■ PROBLEM TO WORK ON
Take the line containing "Japan's Wild Side" and every line after it to the end of the records, and copy them exactly, excluding pictures.

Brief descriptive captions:
##########
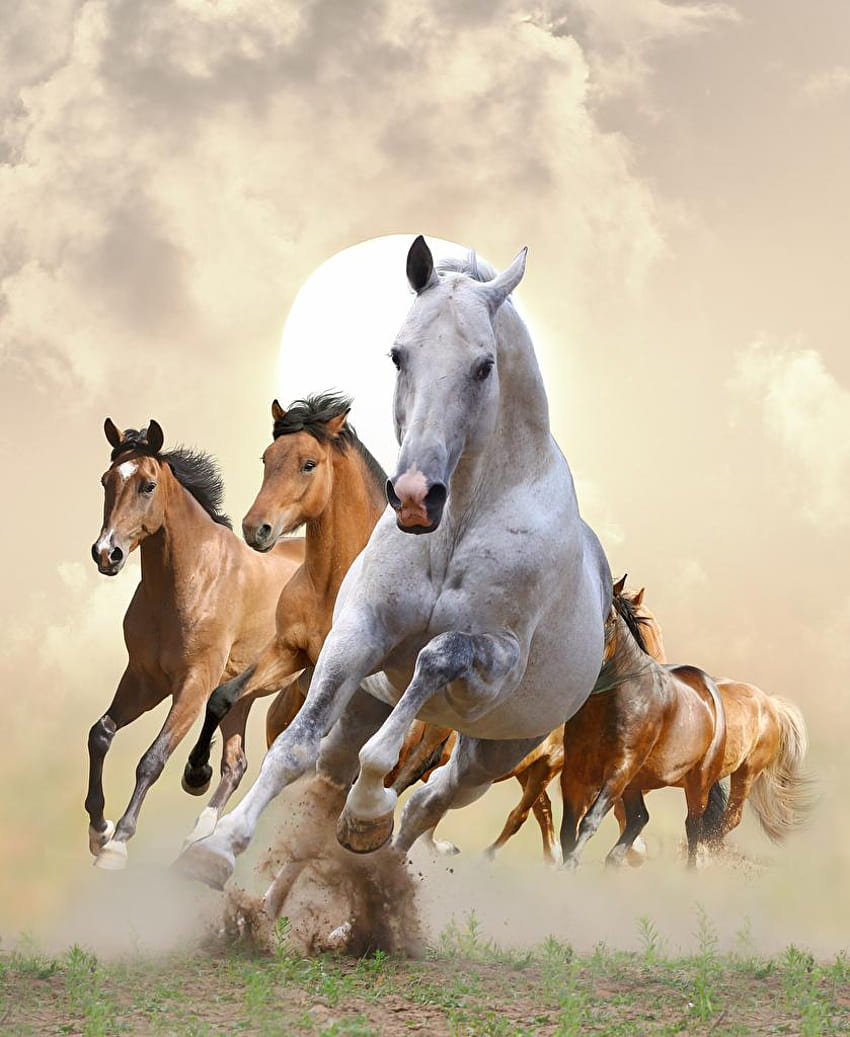 馬 走る動物、馬の移動 HD電話の壁紙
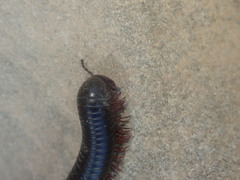 Archispirostreptus syriacus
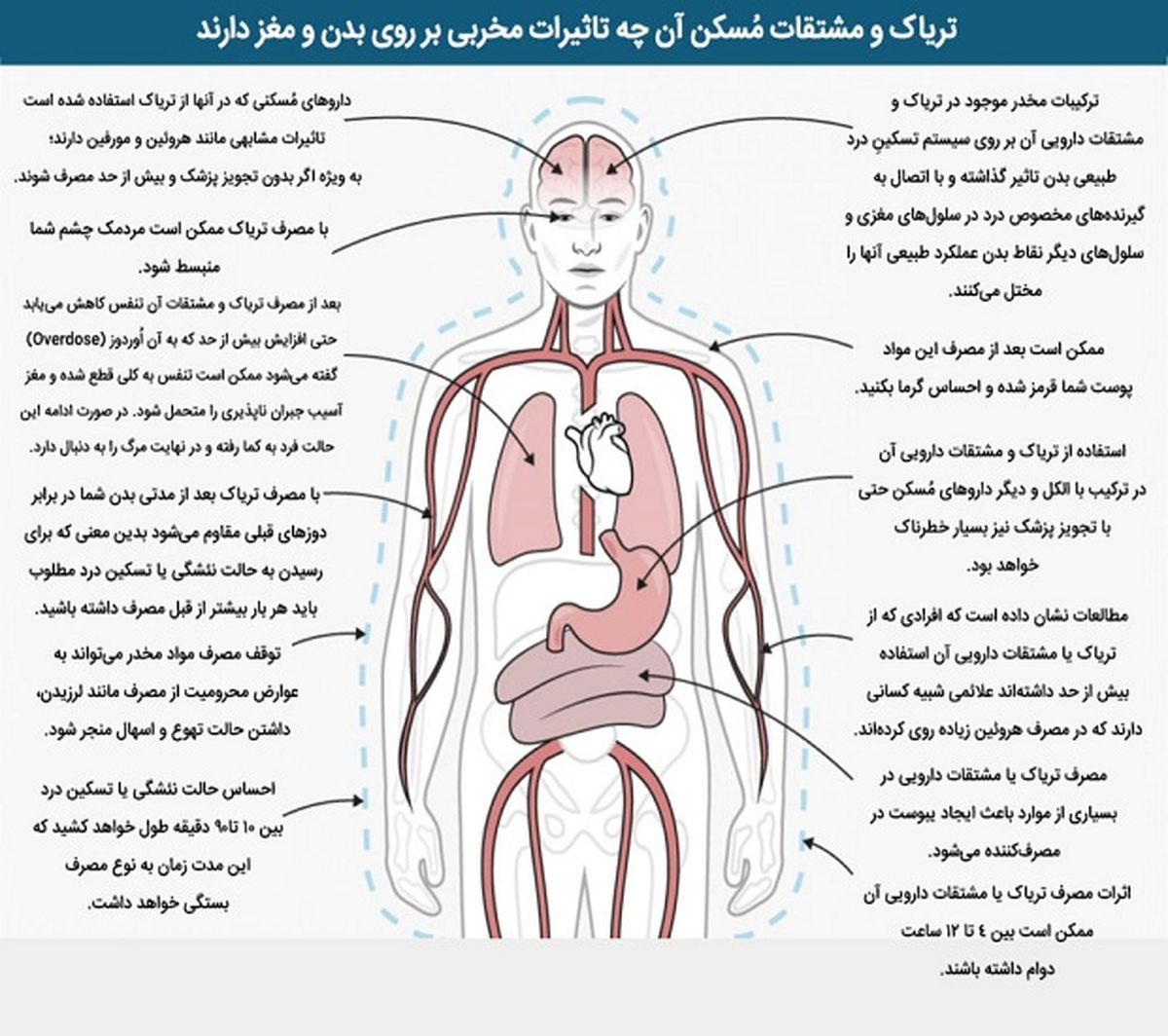 آثار مخرب تریاک و مشتقاتش بر روی بدن انسان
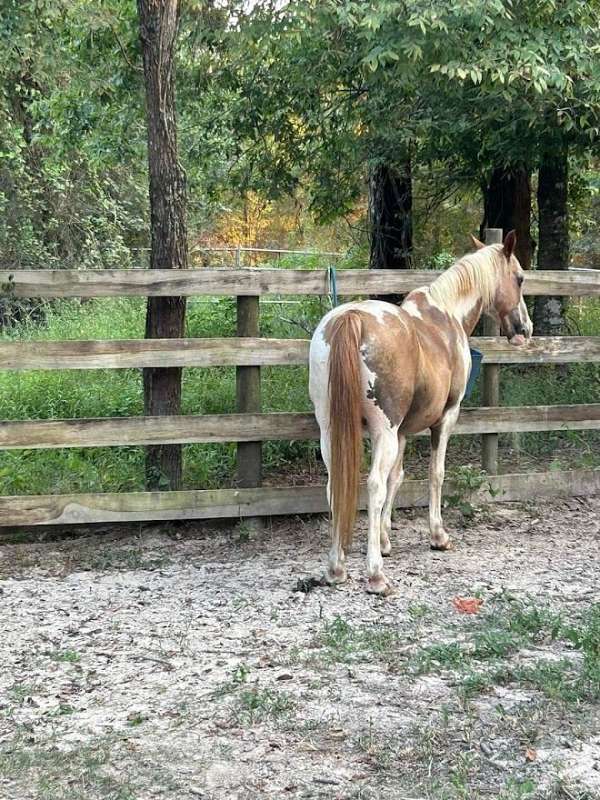 and-ranch-single-footing-horse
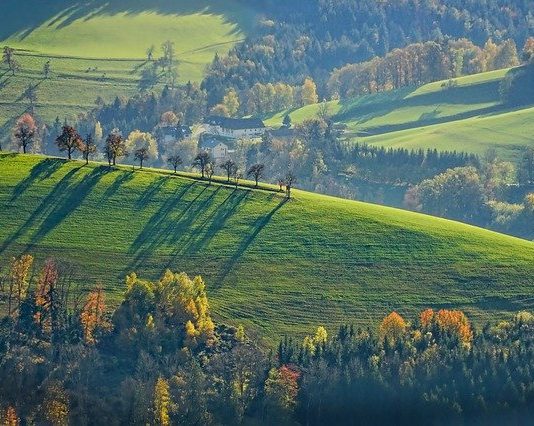 Több ezer pályázat a Magyar falu-programra Magyar falu-porgarm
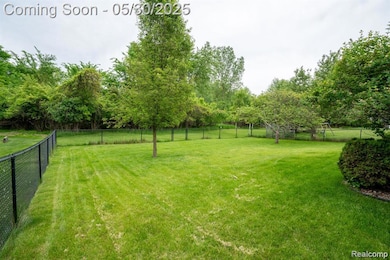 Back Yard Towards Green Space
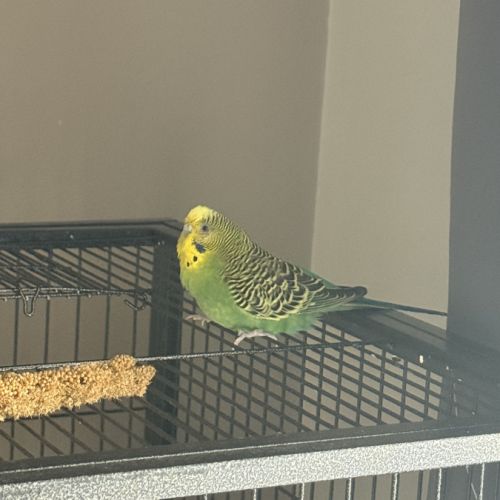 1 perruche femelle #3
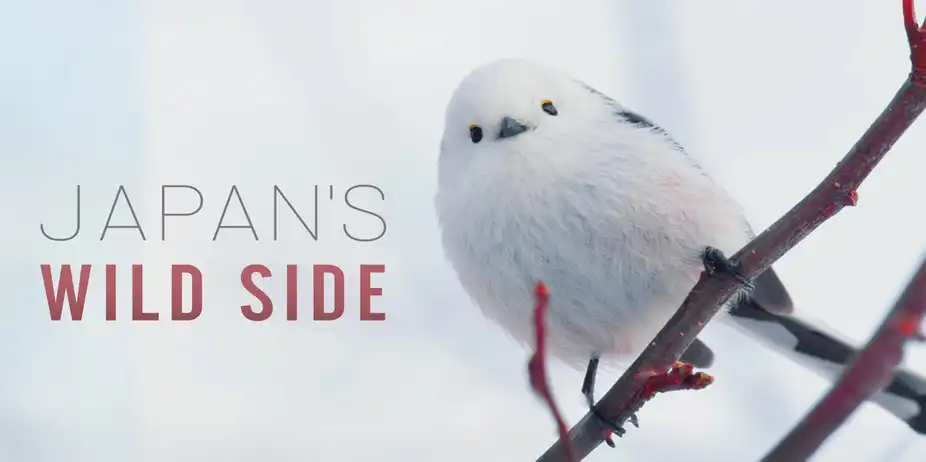 Japan's Wild Side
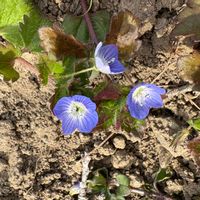 オオイヌノフグリの画像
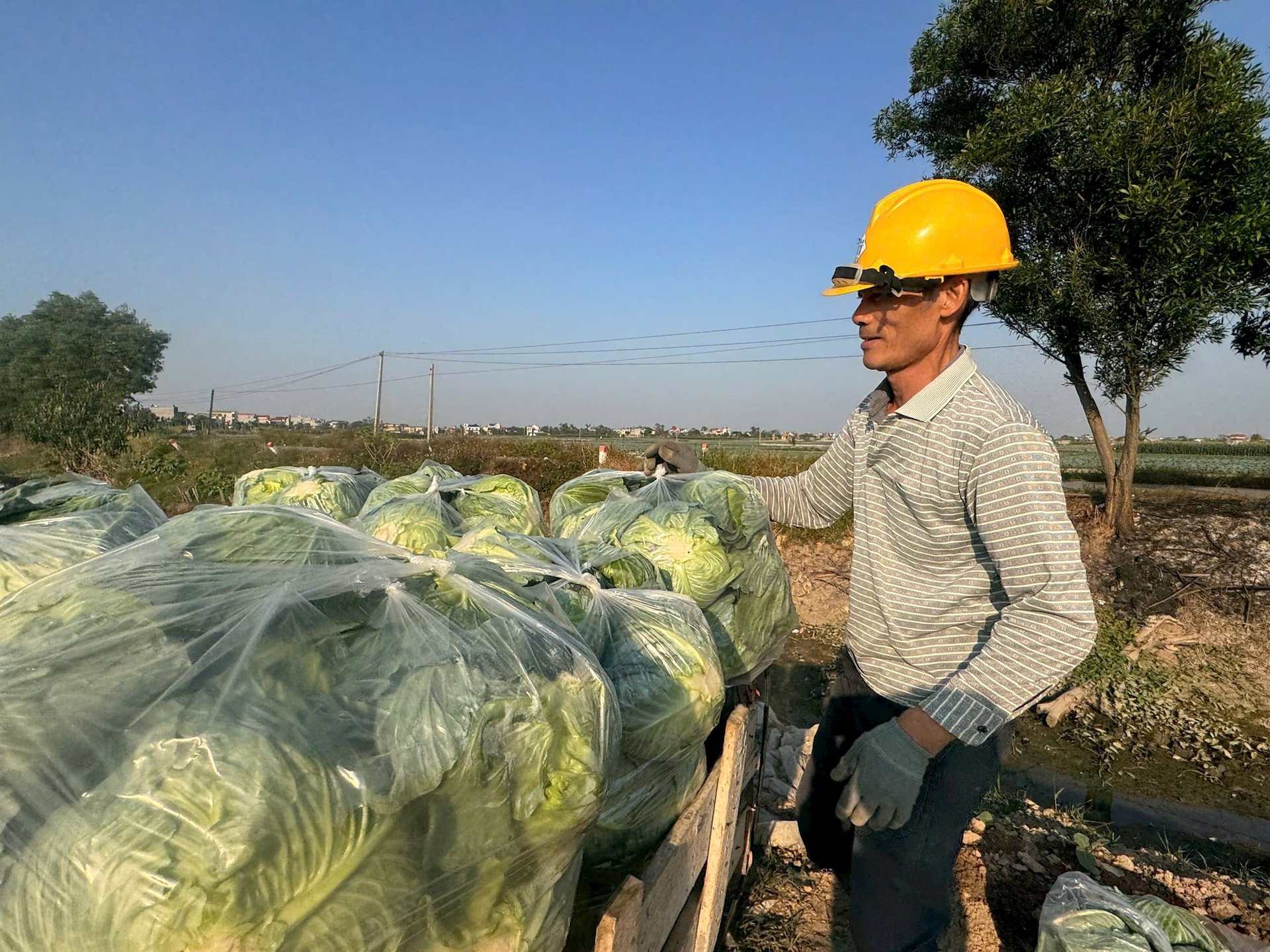 Hai Duong met en œuvre 14 liens dans la production agricole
##########
■ OUTPUT OF THE TASK
 Japan's Wild Side
 オオイヌノフグリの画像
 Hai Duong met en œuvre 14 liens dans la production agricole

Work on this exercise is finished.